- **Action item**
An exact transcription of the lines from the one holding "Crickett KSA2148 Precision" to the end of the entries below, and nothing more, is the required answer. Please omit the pictures.

- **Provided records**
○ ○ ○ ○ ○ ○ ○
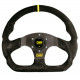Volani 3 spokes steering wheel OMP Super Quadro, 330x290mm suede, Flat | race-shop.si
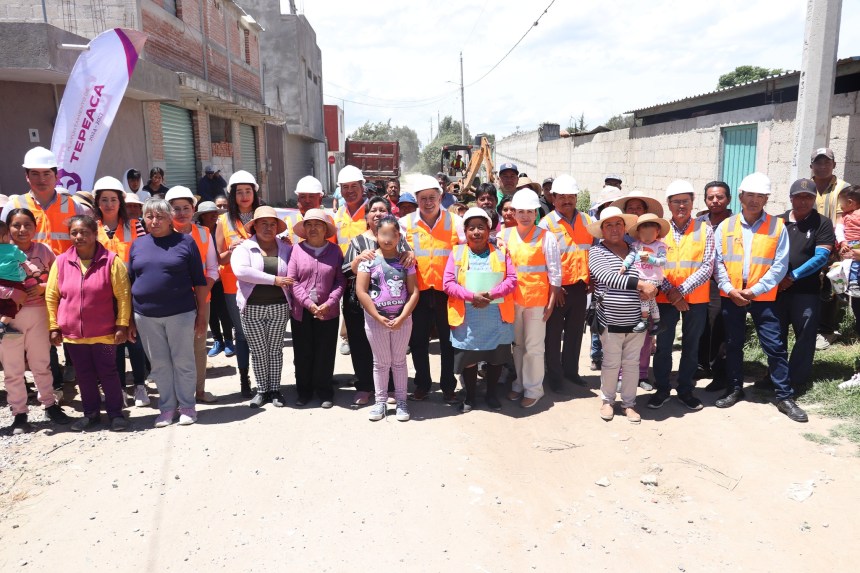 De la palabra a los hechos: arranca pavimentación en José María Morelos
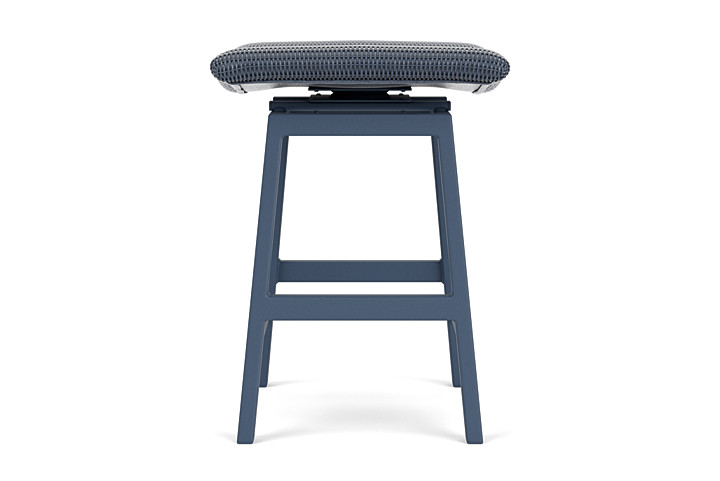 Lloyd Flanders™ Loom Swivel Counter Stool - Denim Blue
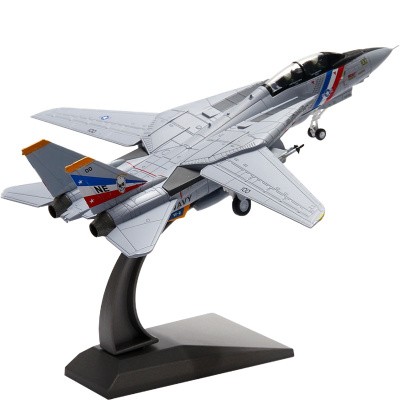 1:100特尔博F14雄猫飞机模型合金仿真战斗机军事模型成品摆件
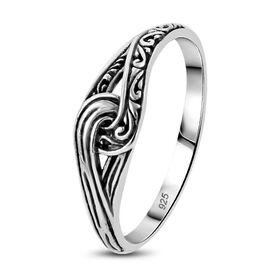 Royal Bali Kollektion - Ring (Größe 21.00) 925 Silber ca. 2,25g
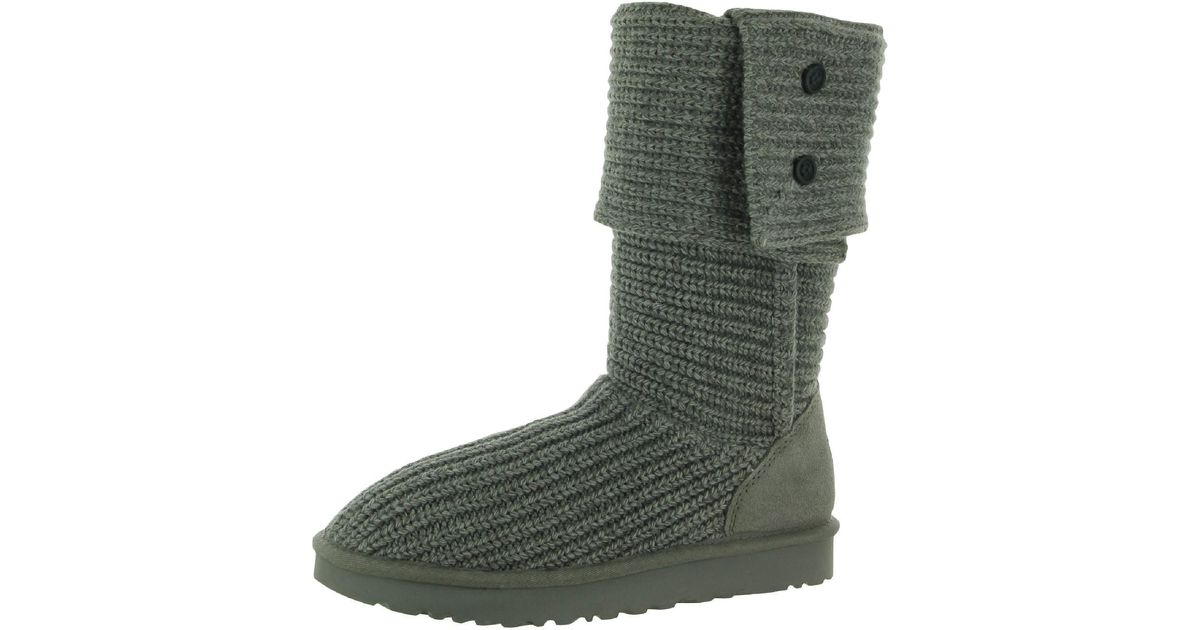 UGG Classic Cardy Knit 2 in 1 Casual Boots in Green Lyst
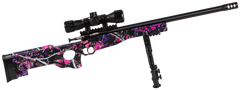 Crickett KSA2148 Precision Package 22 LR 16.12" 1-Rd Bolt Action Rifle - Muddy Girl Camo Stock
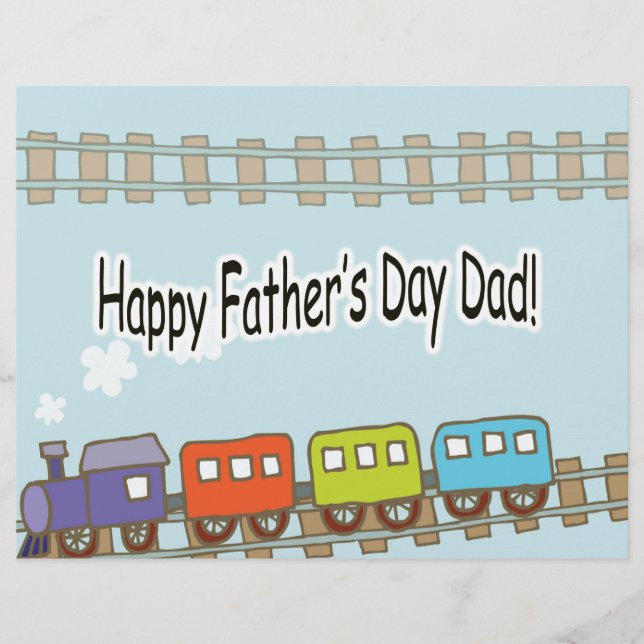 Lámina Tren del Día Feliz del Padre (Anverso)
○ ○ ○ ○ ○ ○ ○
- **Response**
 Crickett KSA2148 Precision Package 22 LR 16.12" 1-Rd Bolt Action Rifle - Muddy Girl Camo Stock
 Lámina Tren del Día Feliz del Padre (Anverso)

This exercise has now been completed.